### Aim of the task
Copy every line of the material below exactly.

**** Data

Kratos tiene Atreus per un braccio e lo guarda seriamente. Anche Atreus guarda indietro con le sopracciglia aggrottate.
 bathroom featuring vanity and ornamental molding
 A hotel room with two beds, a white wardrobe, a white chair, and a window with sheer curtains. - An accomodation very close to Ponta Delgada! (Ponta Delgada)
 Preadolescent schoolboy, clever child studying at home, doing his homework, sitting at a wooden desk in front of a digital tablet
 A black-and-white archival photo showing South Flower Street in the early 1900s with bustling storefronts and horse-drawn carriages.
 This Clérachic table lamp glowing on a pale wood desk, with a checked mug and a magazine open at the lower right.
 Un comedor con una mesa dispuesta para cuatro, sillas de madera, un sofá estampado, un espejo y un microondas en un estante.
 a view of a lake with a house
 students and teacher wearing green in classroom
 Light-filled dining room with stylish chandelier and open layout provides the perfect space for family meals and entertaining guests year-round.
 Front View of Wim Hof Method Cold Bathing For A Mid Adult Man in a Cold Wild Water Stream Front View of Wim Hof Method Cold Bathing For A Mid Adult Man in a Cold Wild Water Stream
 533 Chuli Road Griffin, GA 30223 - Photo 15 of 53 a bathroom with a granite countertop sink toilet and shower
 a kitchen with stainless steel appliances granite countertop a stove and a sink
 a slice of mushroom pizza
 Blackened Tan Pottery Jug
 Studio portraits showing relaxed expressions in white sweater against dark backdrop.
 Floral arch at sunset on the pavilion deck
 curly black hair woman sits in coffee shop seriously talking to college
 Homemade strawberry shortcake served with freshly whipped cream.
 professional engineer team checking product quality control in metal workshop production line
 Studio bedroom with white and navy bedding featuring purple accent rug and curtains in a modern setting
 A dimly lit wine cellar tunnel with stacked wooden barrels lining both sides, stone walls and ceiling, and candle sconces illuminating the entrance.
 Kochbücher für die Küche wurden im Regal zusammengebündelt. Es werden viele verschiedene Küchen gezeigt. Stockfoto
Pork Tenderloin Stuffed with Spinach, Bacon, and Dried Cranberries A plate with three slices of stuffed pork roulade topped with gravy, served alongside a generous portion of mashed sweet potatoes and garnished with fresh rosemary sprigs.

********

### Exercise solution
Kratos tiene Atreus per un braccio e lo guarda seriamente. Anche Atreus guarda indietro con le sopracciglia aggrottate.
 bathroom featuring vanity and ornamental molding
 A hotel room with two beds, a white wardrobe, a white chair, and a window with sheer curtains. - An accomodation very close to Ponta Delgada! (Ponta Delgada)
 Preadolescent schoolboy, clever child studying at home, doing his homework, sitting at a wooden desk in front of a digital tablet
 A black-and-white archival photo showing South Flower Street in the early 1900s with bustling storefronts and horse-drawn carriages.
 This Clérachic table lamp glowing on a pale wood desk, with a checked mug and a magazine open at the lower right.
 Un comedor con una mesa dispuesta para cuatro, sillas de madera, un sofá estampado, un espejo y un microondas en un estante.
 a view of a lake with a house
 students and teacher wearing green in classroom
 Light-filled dining room with stylish chandelier and open layout provides the perfect space for family meals and entertaining guests year-round.
 Front View of Wim Hof Method Cold Bathing For A Mid Adult Man in a Cold Wild Water Stream Front View of Wim Hof Method Cold Bathing For A Mid Adult Man in a Cold Wild Water Stream
 533 Chuli Road Griffin, GA 30223 - Photo 15 of 53 a bathroom with a granite countertop sink toilet and shower
 a kitchen with stainless steel appliances granite countertop a stove and a sink
 a slice of mushroom pizza
 Blackened Tan Pottery Jug
 Studio portraits showing relaxed expressions in white sweater against dark backdrop.
 Floral arch at sunset on the pavilion deck
 curly black hair woman sits in coffee shop seriously talking to college
 Homemade strawberry shortcake served with freshly whipped cream.
 professional engineer team checking product quality control in metal workshop production line
 Studio bedroom with white and navy bedding featuring purple accent rug and curtains in a modern setting
 A dimly lit wine cellar tunnel with stacked wooden barrels lining both sides, stone walls and ceiling, and candle sconces illuminating the entrance.
 Kochbücher für die Küche wurden im Regal zusammengebündelt. Es werden viele verschiedene Küchen gezeigt. Stockfoto
Pork Tenderloin Stuffed with Spinach, Bacon, and Dried Cranberries A plate with three slices of stuffed pork roulade topped with gravy, served alongside a generous portion of mashed sweet potatoes and garnished with fresh rosemary sprigs.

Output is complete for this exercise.